Using Reo for Compliance-driven Design of Service-Oriented Applications

Currently, there are no well-established techniques to ensure dynamic and ongoing compliance of services-oriented applications to business regulations that come out from legislative and regulatory documents such as Basel II1, IFRS2, MiFID3, LSF4, HIPAA, Tabaksblat5, and the Sarbanes-Oxley6 Act, as well as from internal movements of business stakeholders towards Quality of Service (QoS). Recently started EU FP7-ICT COMPAS (Compliance driven Models, Languages, and Architectures for Services) project aims at bridging this gap, in particular, by developing formally grounded models for expressing service behaviour and advanced process constraints. Business Process Modeling Notation (BPMN) is the most widely-used language for capturing business processes at the level of domain analysis. However, it is rather declarative and may lead to the development of executable models which are incomplete or semantically erroneous. Therefore, an approach for expressing and analyzing BPMN diagrams in a formal way is required.
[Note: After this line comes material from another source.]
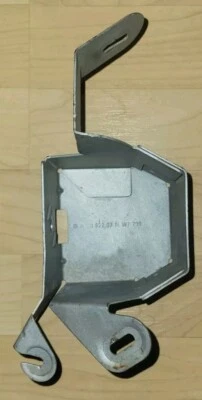 Mercedes Benz/Chrysler CROSSFIRE Alarm System Bracket A2118220714 - Image 1 of 3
The objective of my talk is three-fold. First, I briefly introduce primary goals and tasks of the COMPAS project. Second, I consider the main business process modeling primitives as defined in BPMN and show how Reo tools can be used to model and refine their semantics. Third, I sketch some initial ideas on how compliance concerns can be incorporated into Reo process models and their mathematical abstractions.